|Write trip reports on Macbook Pro # 1121 Back to Directory Review Date:2014.05.21|
Help Category: Trip Reports
Summary: What differences are there when using a Macbook Pro rather than a PC?
I just wrote my first complete report using my new Macbook Pro, so I thought I'd publish a few notes regarding the differences. I used the track pad entirely, rather than a mouse.
Starting the trip report is the same as always. The parts that required new skills on the Mac were handling the photos and the GPX file containing my track log.
I plugged the camera into the USB port on the laptop. This immediately started up iPhoto. I then copied them into iPhoto and then dragged the photos into my own folder which I created using Finder (the file manager). So at this point, I had 32 photos in my "Whirlwind" folder. I could see tiny thumbnails of them using Finder Icon view, but they were not big enough. Fortunately I discovered that I could expand the size of those tiny thumbnails by using "View..Show View Options..Icon Size. That enabled me to pick the photos I wanted, and change their names to something meaningful. Then I went back into my Safari window and used the standard "Upload Photo" link. This worked the same as on a PC, so I could upload each photo to bivouac, and copy and paste the filename into my trip report update form, and add the necessary
[photo] and [caption] tags.
GPX Files and GMap
I plugged my Garmin GPS into the USB port on the laptop. After a few seconds the laptop recognized it.
- Plug in the Gpx, and go to Mass storage mode
After 5 seconds, a garmin icon appears on the right side.
- Navigate down to the GPX folder and drag the proper GPX file into the Finder.
- Go to trip report, and upload raw GPX.
To do this, up comes Safari in my Photo directory. So I have to navigate up to the parent folder (RTMaster) which I do with the up and down arrows that appear beside the folder name in the top row of icons. That shows the subfolders below the big folder view picture. When you get to the "Gpx" directory, you can see the GPX filename "Track_16-May-14 153309.gpx".
- Double click on the GPX Filename
This causes it to appear in the "Form for Upload Raw GPX" dialog.
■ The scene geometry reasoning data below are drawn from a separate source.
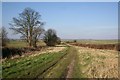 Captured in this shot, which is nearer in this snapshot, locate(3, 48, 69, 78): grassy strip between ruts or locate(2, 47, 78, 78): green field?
locate(3, 48, 69, 78): grassy strip between ruts

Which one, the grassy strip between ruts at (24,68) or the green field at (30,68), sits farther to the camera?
the green field at (30,68)

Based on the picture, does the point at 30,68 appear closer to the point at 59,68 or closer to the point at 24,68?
the point at 24,68

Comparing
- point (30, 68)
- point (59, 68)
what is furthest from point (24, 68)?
point (59, 68)

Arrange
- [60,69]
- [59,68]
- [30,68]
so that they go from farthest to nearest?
[59,68] < [30,68] < [60,69]

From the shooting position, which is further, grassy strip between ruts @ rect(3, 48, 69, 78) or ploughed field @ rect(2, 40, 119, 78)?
ploughed field @ rect(2, 40, 119, 78)

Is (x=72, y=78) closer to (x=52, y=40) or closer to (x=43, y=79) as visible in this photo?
(x=43, y=79)

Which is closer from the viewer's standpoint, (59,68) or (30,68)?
(30,68)

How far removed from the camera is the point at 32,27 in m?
51.9

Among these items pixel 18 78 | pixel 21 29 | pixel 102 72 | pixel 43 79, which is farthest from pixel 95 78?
pixel 21 29

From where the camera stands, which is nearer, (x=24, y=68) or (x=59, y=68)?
(x=24, y=68)

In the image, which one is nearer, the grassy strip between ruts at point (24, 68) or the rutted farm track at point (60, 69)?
the grassy strip between ruts at point (24, 68)

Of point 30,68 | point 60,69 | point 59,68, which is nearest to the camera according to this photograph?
point 60,69

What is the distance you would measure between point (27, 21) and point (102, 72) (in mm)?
38485

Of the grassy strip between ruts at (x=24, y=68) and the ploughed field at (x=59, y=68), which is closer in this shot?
the grassy strip between ruts at (x=24, y=68)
- Push "Upload File" button
- Click "View Raw GPX"
This brings up GMap and displays the raw track log. It is always best to redigitize along the track log, so you can label key points, and also get rid of bad waypoints. My track logs often contain extra waypoints at the beginning and end of the trip which I just ignore when I redigitize.
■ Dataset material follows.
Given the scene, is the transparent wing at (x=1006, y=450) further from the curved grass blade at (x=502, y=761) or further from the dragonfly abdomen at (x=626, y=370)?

- Redigitize using GMap "Draw and Save"
When looking at the raw track log on GMap, I clicked "Draw and Save". I then "click..click..clicked" the points. I switched back and forth from satellite view to My Topo view in order to get good labels for key waypoints. To label a point, do a two finger click (secondary click) on the waypoint.
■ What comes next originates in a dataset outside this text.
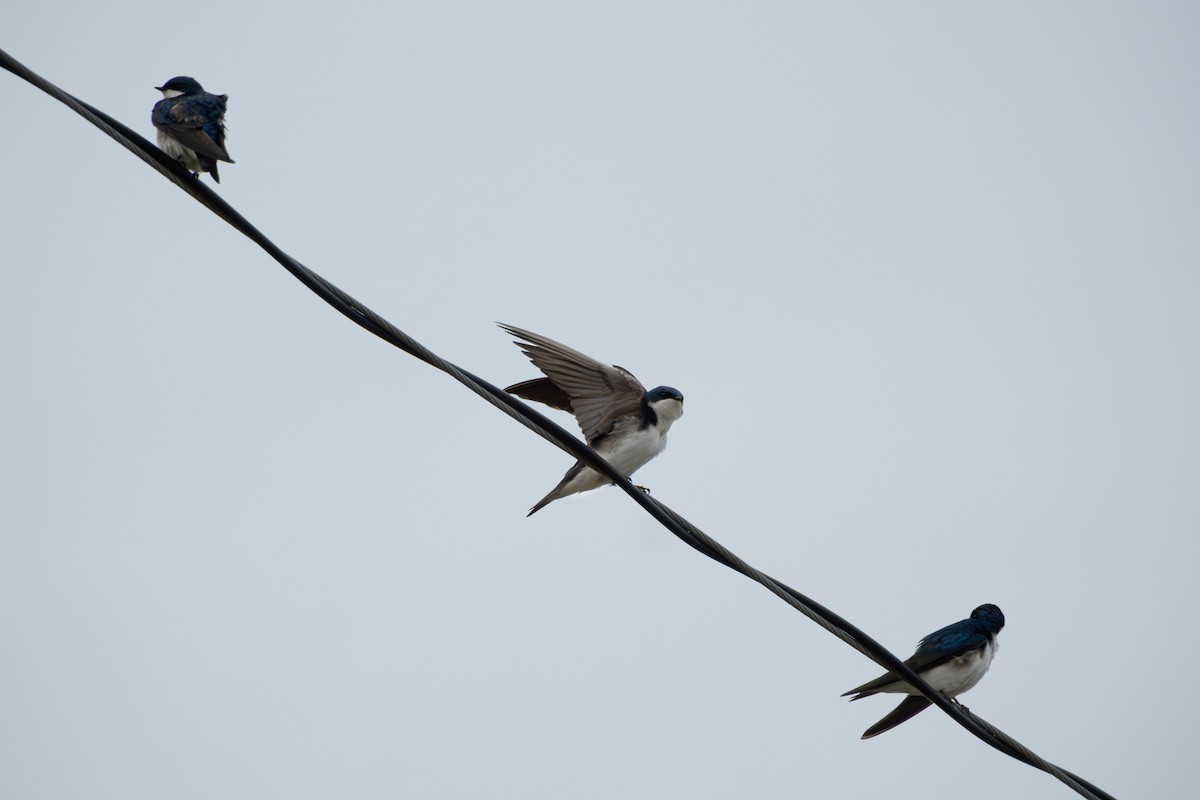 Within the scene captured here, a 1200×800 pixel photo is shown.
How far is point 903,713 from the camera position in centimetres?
632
For my Whirlwind trip, I did several hundred waypoints. Several times GMap went into a mode such that I could no longer pan the map. Perhaps GMap can only handle some number of points at a time, such as 50 points. So the strategy is to copy the points out in small batches. Fortunately even when the map no longer will pan, you can still get your existing waypoints using the normal procedure.